Beginning as far back as 1998, Penn State President Graham Spanier, head football coach Joe Paterno, Athletic Director Tim Curley, and Vice President Gary Schultz kept secret details of Jerry Sandusky's predation of children on their campus. In 2001, after an assistant coach reported an incident, Mr. Paterno used his unparalleled influence to persuade the administration not to notify outside authorities about Mr. Sandusky's actions.
These were among findings of the exhaustive investigation by former FBI director Louis J. Freeh into the Sandusky scandal. The cover-up allowed Mr. Sandusky, a former assistant coach, to continue molesting young boys for many years. It also allowed Penn State football and Coach Paterno to continue for another two decades the myth of the exceptional, unblemished program, and that made it easier to recruit top-rated players, win games, market the university and land TV contracts.
It was entirely appropriate, therefore, for the NCAA - recognizing that the leaders of Penn State had benefitted by putting the welfare of their football program above the welfare of children and the moral obligation to act - to issue harsh sanctions Monday. These penalties will include a $60 million fine, a four-year football postseason ban, five-year probation for the athletic department and the loss, for four years, of 20 of the 85 scholarships the football program is normally eligible to provide.
The punishment will be devastating to one of the most storied college football programs.

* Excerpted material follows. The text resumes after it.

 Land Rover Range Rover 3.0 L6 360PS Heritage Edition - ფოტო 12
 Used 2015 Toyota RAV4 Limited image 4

The Big Ten Conference added its own punishment, prohibiting Penn State from appearing in any title games (unlikely in any event given the sanctions) and sharing bowl revenues, a loss of about $13 million annually.
This should send the message to other schools that the NCAA will deal harshly with any future cover-ups of illegal activity carried out for the purpose of protecting an athletic program.
Some may argue that it is unfair to punish current players and personnel when all the guilty are gone or, in Mr. Paterno's case, dead. But it has always been thus, since sanctions are the only tool NCAA has to show it is serious. And players can transfer without penalty.
As for the decision to vacate all wins dating to 1998, stripping Mr. Paterno of the record of most college football victories, it carries important symbolism, as did removing his statue at the university. "Joe Pa" did many good things, but the failure to protect children was a terribly bad thing and it's now part of his legacy.